The main bus services are as follows:

42 (Grant Palmer) provides an hourly daytime service Mondays to Saturdays providing a connection to: Westoning, Harlington, Toddington, Ampthill, Houghton Conquest, and Bedford. Mondays to Saturdays – no Sunday service.

2 (Stagecoach) provides an hourly daytime service Mondays to Saturdays to Ampthill, Kempston and Bedford. Mondays to Saturdays – no Sunday service.

44 (Grant Palmer) Bedford via A6 to Bedford, Wilstead, Flitwick, Silsoe (Monday – Friday Only)

200 (Grant Palmer) provides a two hourly service to Ampthill, Shefford, Clifton and Biggleswade. Mondays to Fridays only.

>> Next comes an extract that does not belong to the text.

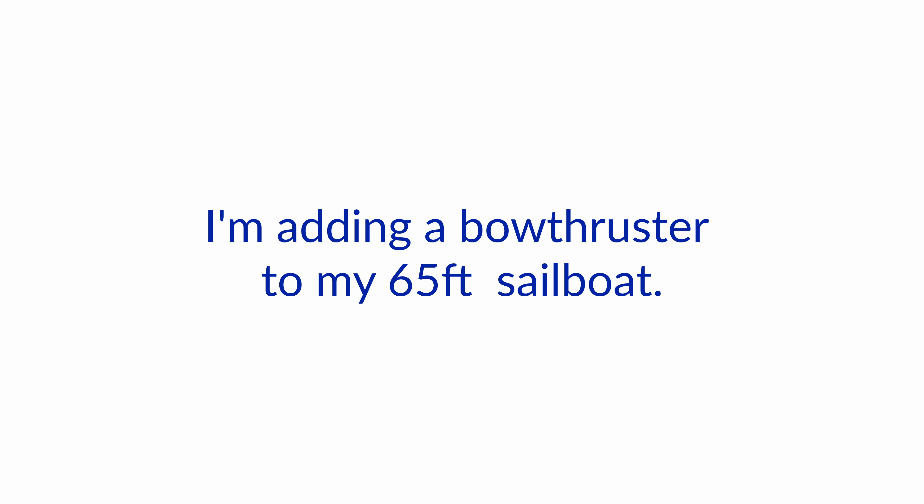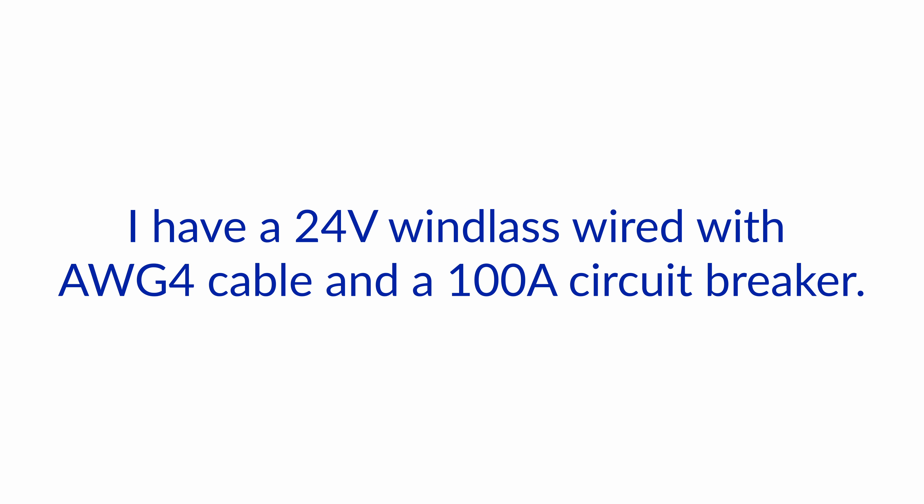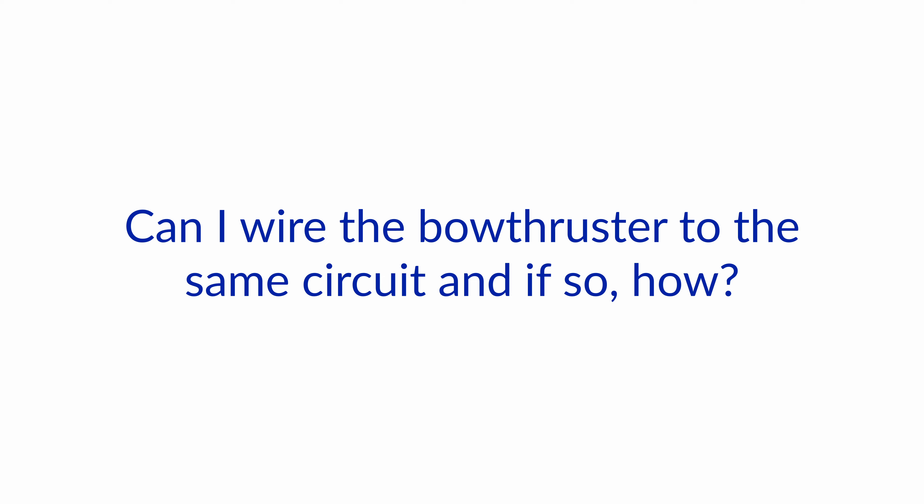I'm adding a bow thruster to my 65-foot sailboat. I have a 24-volt windlass wired with 4/0 cable and a 100-amp circuit breaker. Can I wire the bow thruster to the same circuit, and if so, how?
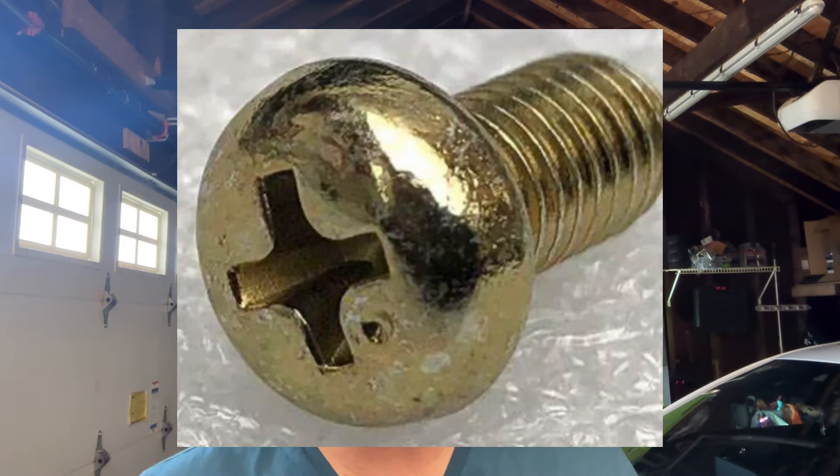If you look at the head of the screw and it has a small dot next to it, that means it is in fact a JIS screw. Although it looks nearly identical to a Phillips, it is not. Some of these screws can be found on purge valves, distributor cap rotors, and things of that nature. I'll try to have a picture of an example on screen.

34 (Grant Palmer) Milton Keynes

===Rail===

Flitwick has a station on the Thameslink line (First Capital Connect took over the franchise on 1 April 2006, taken over again on 14 September 2014 by Govia Thameslink Railway). Trains go north to Bedford and south to Luton, St Albans, London, Gatwick Airport, Three Bridges, East Grinstead, and Brighton making it a popular place to live for commuters.

==Schools==

Flitwick has three lower schools (Kingsmoor, Templefield and Flitwick Lower School), a middle school (Woodland Middle School Academy). The old Flitwick School has been refurbished from its earlier state of neglect, and now serves as a further community centre, youth club and toddler group. Redborne Upper School is approximately 1 mi away from Flitwick Railway Station, just on the Ampthill side of the Running Waters.

==Media==
Local news and television programmes are provided by BBC East and ITV Anglia. Television signals are received from the nearby Sandy Heath TV transmitter. Local radio stations are BBC Three Counties Radio on 95.5 FM, Heart East on 96.9 FM, In2beats on 106.5 FM, and Bedford Radio, a community based radio station which broadcast online. The town is served by the local newspaper, Bedford Today (formerly Times & Citizen) and Flitwick Papers which is produced by the Flitwick Town Council and is distributed to every household in Flitwick.

==Sport==

It has three football teams: Flitwick Town, who play in the Bedfordshire County League Premier Division, Flitwick Ladies, who play in the Bedfordshire & Hertfordshire Women's First Division and Flitwick Eagles.
It is also home to Flitwick Cricket Club (The Otters) which has over 50 adult playing members and 160 Colts.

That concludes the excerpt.